'''
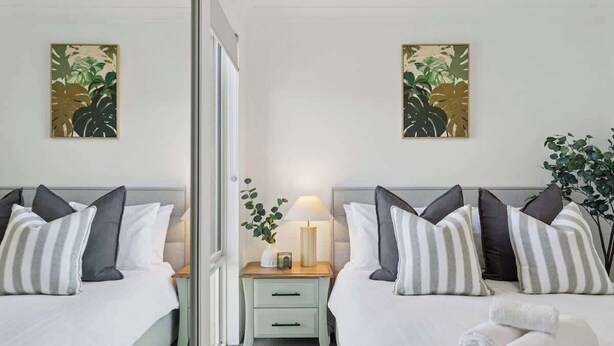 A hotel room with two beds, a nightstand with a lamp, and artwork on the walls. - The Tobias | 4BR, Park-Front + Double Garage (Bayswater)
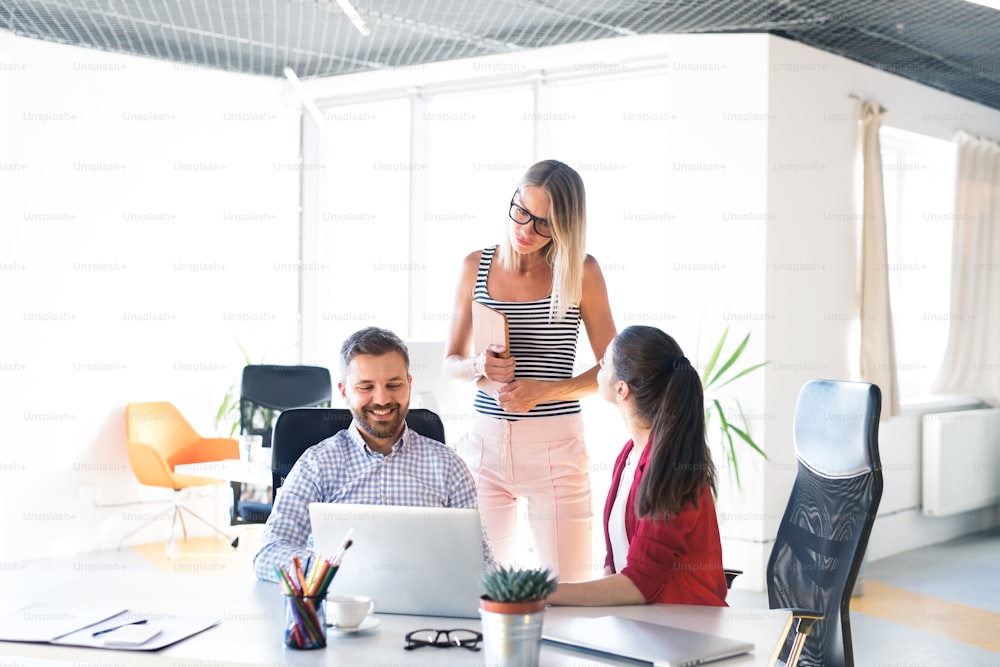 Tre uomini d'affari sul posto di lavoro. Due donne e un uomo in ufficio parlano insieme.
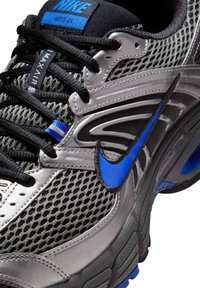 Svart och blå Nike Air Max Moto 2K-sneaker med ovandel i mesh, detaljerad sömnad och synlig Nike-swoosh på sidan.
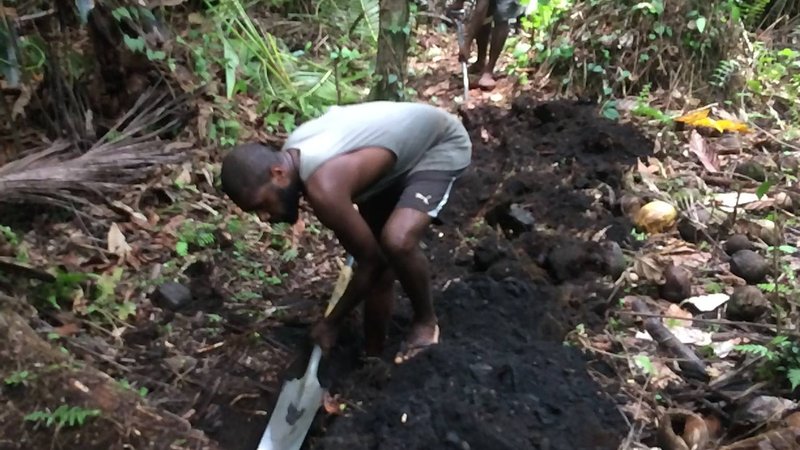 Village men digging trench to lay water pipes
'''
Omit the pictures, then repeat exactly each line from the beginning of the listing through the line with "Tre uomini d'affari".

 A hotel room with two beds, a nightstand with a lamp, and artwork on the walls. - The Tobias | 4BR, Park-Front + Double Garage (Bayswater)
 Tre uomini d'affari sul posto di lavoro. Due donne e un uomo in ufficio parlano insieme.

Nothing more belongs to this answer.